**RECORDS SHOWN:**
● ● ●

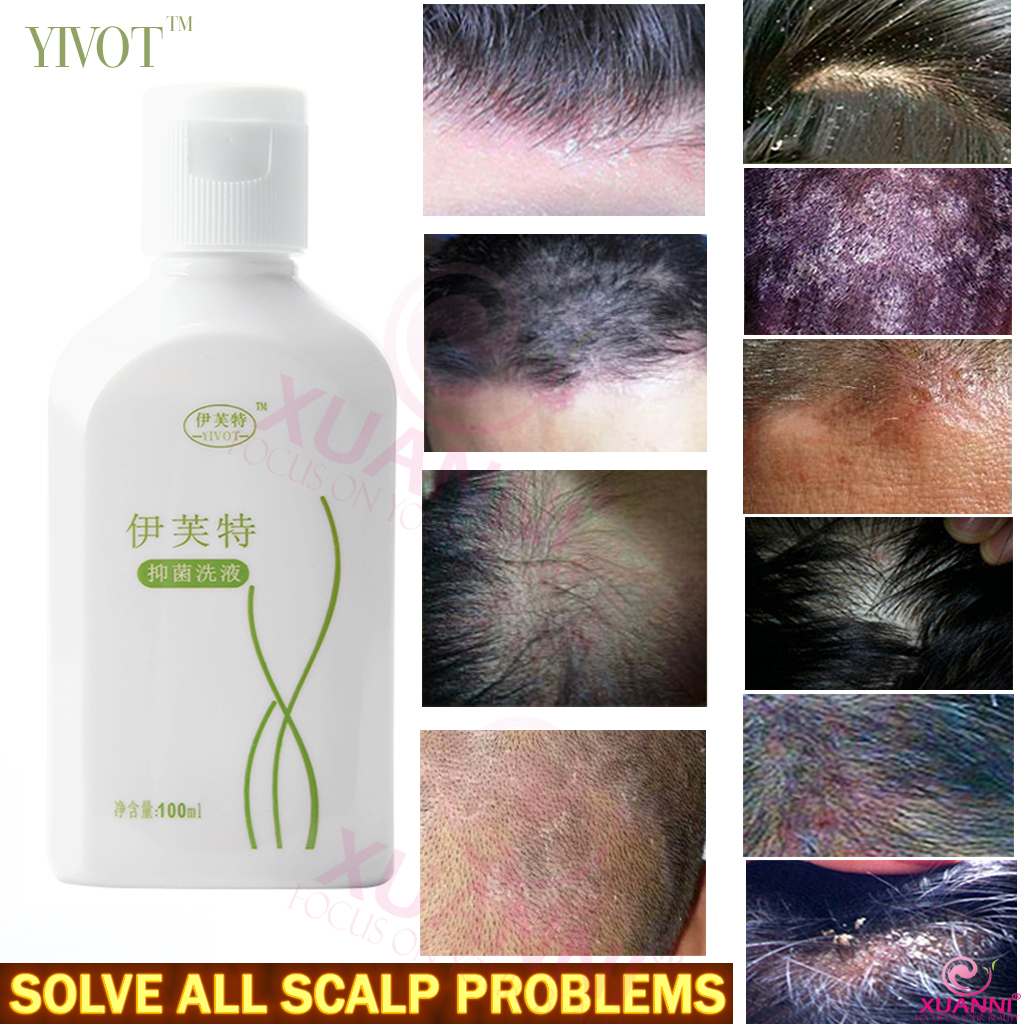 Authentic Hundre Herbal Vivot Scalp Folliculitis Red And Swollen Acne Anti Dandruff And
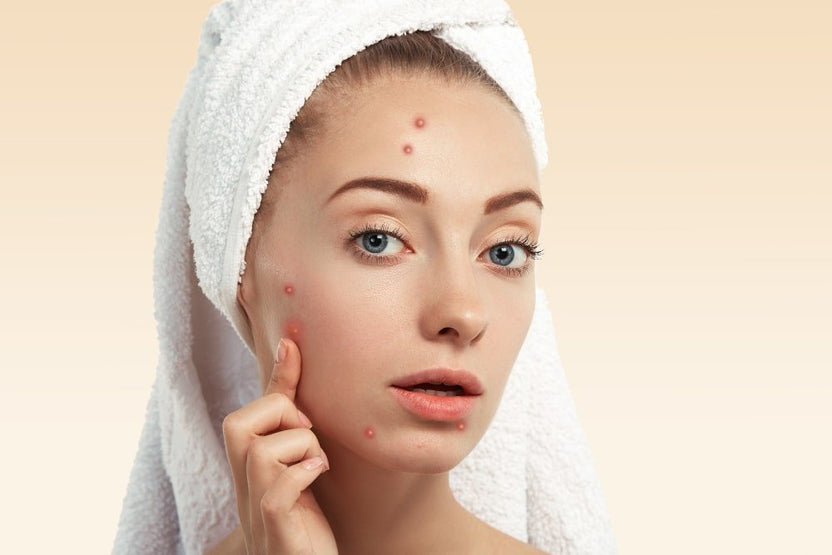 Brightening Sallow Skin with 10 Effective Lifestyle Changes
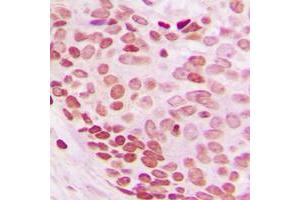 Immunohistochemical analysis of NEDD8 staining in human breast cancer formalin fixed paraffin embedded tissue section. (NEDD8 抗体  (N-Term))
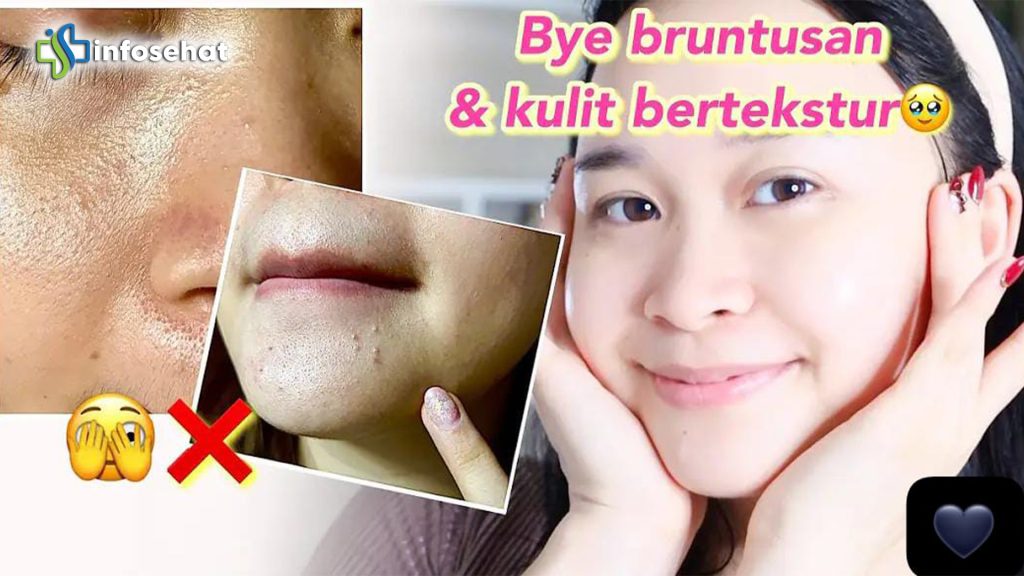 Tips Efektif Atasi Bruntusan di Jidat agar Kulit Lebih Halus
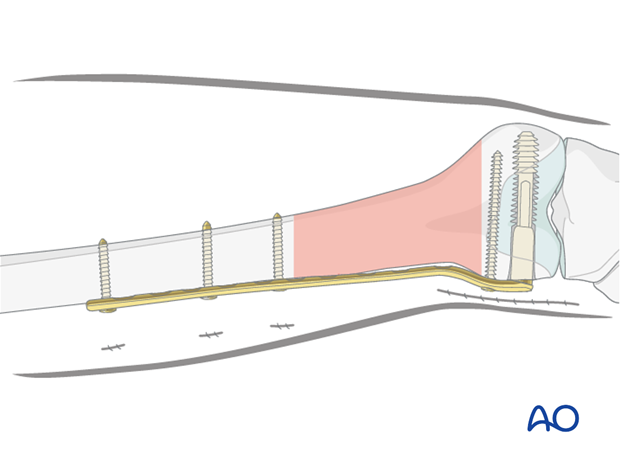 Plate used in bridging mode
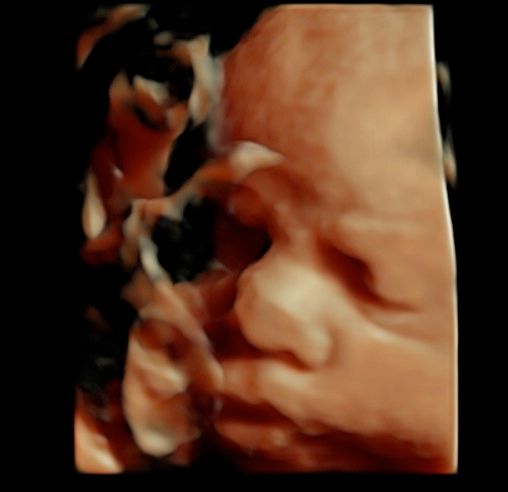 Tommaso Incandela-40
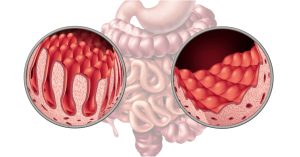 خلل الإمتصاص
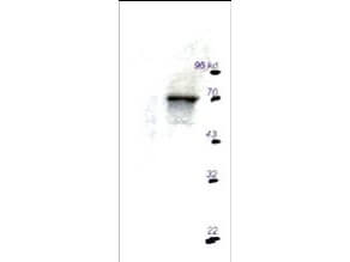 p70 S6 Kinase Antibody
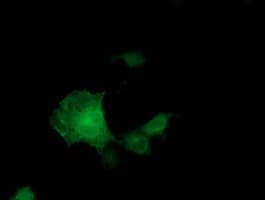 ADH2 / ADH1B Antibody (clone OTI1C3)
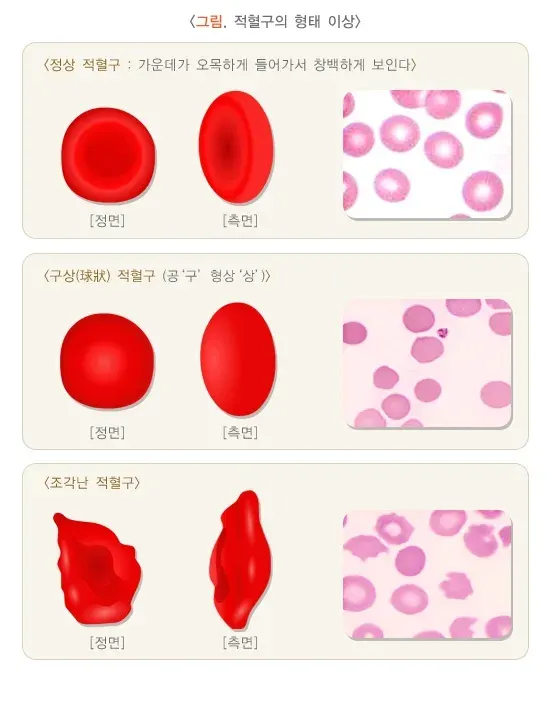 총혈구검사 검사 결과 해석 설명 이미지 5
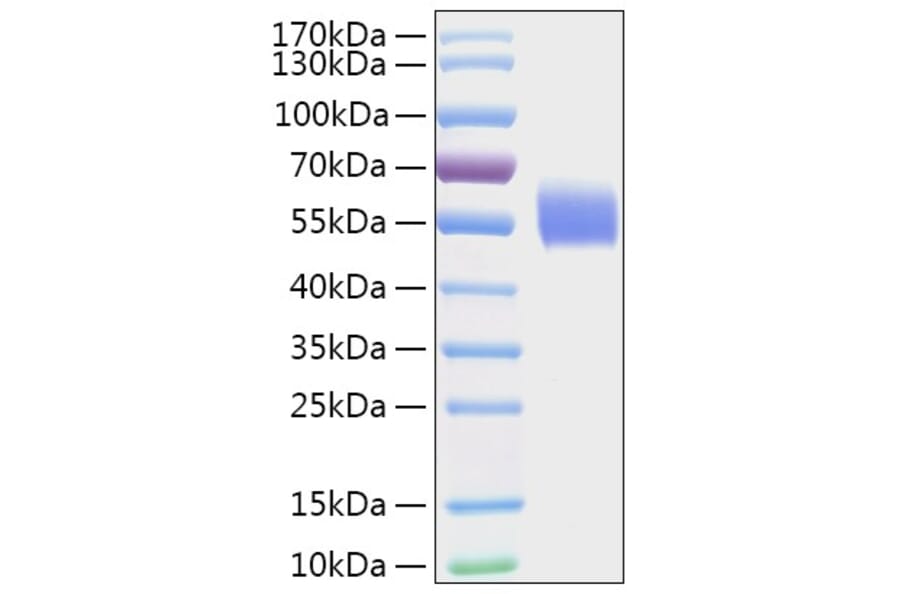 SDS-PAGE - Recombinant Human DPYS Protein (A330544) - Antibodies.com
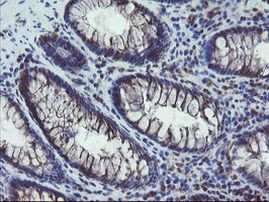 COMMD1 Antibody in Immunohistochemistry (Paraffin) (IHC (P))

● ● ●

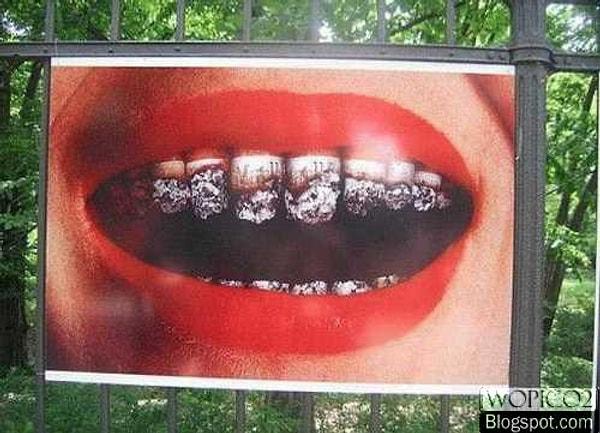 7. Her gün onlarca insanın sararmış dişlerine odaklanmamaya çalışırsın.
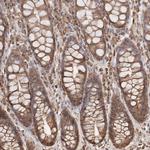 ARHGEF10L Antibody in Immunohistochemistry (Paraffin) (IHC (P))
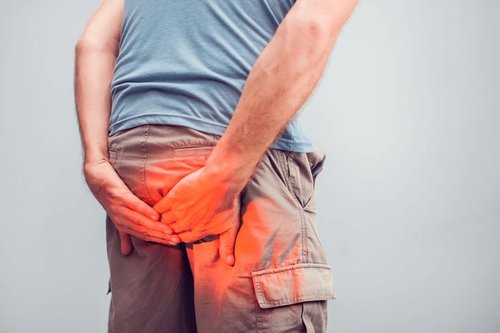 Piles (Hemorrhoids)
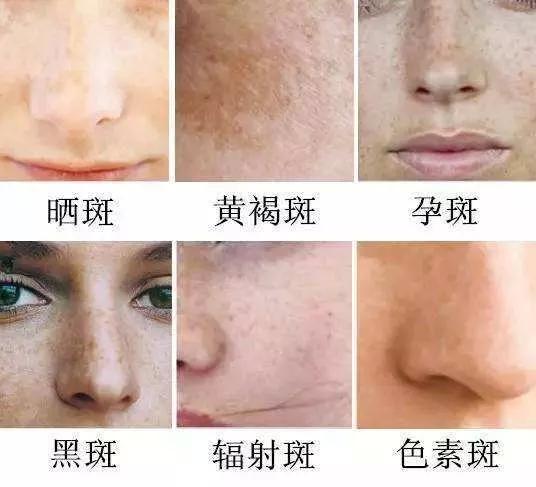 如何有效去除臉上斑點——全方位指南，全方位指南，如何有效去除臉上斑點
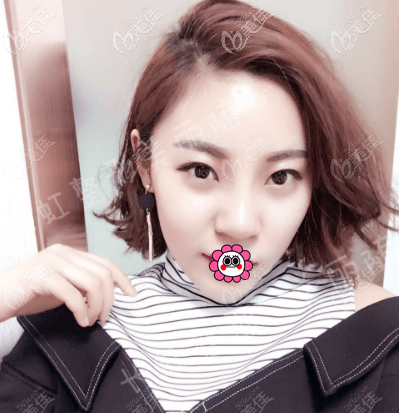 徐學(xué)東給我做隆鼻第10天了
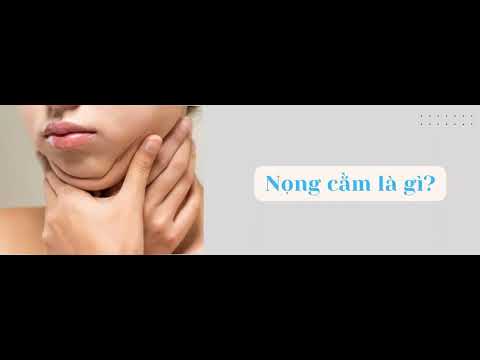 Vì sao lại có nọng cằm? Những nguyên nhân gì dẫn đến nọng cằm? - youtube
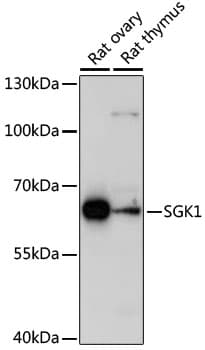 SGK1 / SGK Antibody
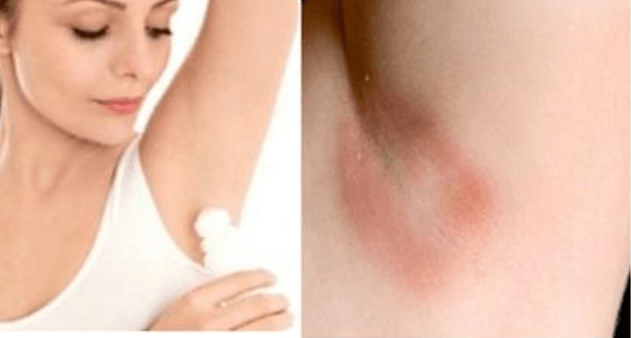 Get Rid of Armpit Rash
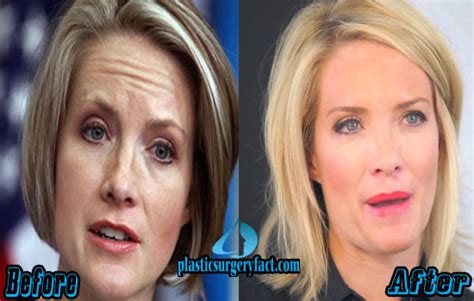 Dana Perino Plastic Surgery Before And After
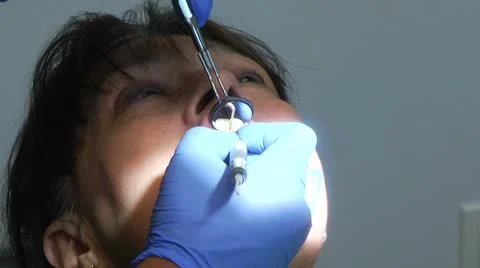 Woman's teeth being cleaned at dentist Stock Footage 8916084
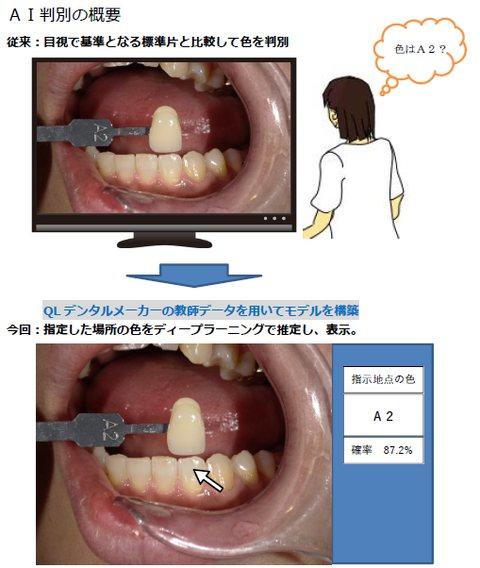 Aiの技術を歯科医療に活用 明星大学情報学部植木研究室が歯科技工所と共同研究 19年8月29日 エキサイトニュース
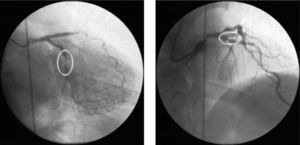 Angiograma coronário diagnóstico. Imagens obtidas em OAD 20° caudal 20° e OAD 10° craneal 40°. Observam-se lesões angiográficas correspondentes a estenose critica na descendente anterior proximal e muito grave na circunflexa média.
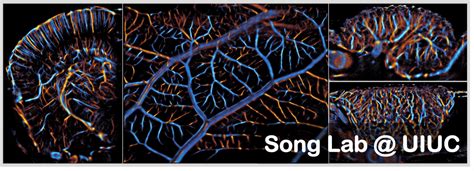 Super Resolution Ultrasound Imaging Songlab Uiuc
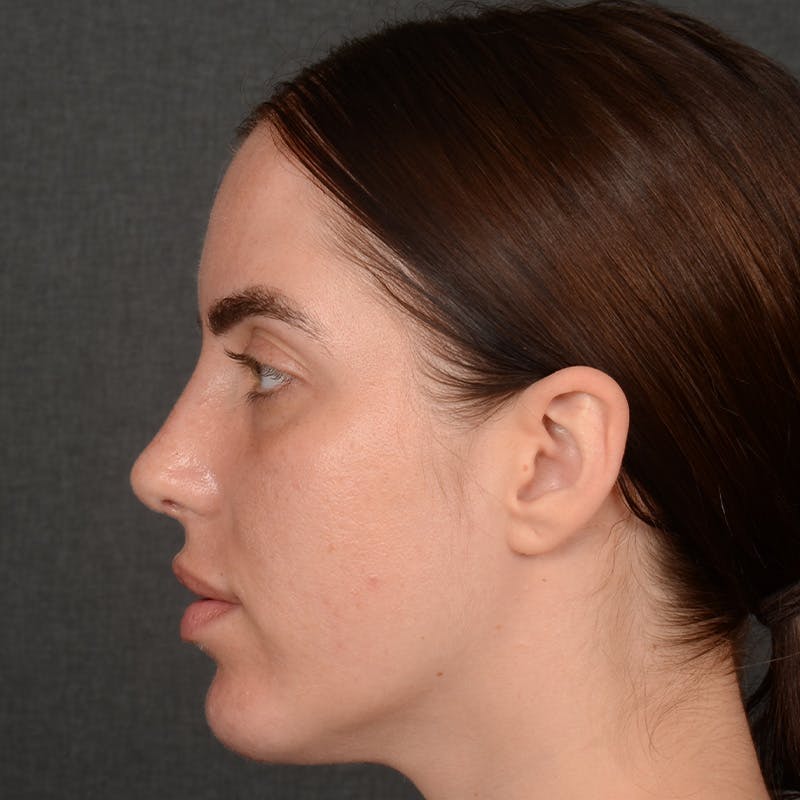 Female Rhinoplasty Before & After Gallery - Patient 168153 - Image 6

● ● ●

**HOW TO COMPLETE THIS TASK:** Pictures excluded, reproduce only the part above that opens with the line holding "Authentic Hundre Herbal" and closes with the line holding "COMMD1 Antibody in", exactly as written.

**EXERCISE SOLUTION:**
 Authentic Hundre Herbal Vivot Scalp Folliculitis Red And Swollen Acne Anti Dandruff And
 Brightening Sallow Skin with 10 Effective Lifestyle Changes
 Immunohistochemical analysis of NEDD8 staining in human breast cancer formalin fixed paraffin embedded tissue section. (NEDD8 抗体  (N-Term))
 Tips Efektif Atasi Bruntusan di Jidat agar Kulit Lebih Halus
 Plate used in bridging mode
 Tommaso Incandela-40
 خلل الإمتصاص
 p70 S6 Kinase Antibody
 ADH2 / ADH1B Antibody (clone OTI1C3)
 총혈구검사 검사 결과 해석 설명 이미지 5
 SDS-PAGE - Recombinant Human DPYS Protein (A330544) - Antibodies.com
 COMMD1 Antibody in Immunohistochemistry (Paraffin) (IHC (P))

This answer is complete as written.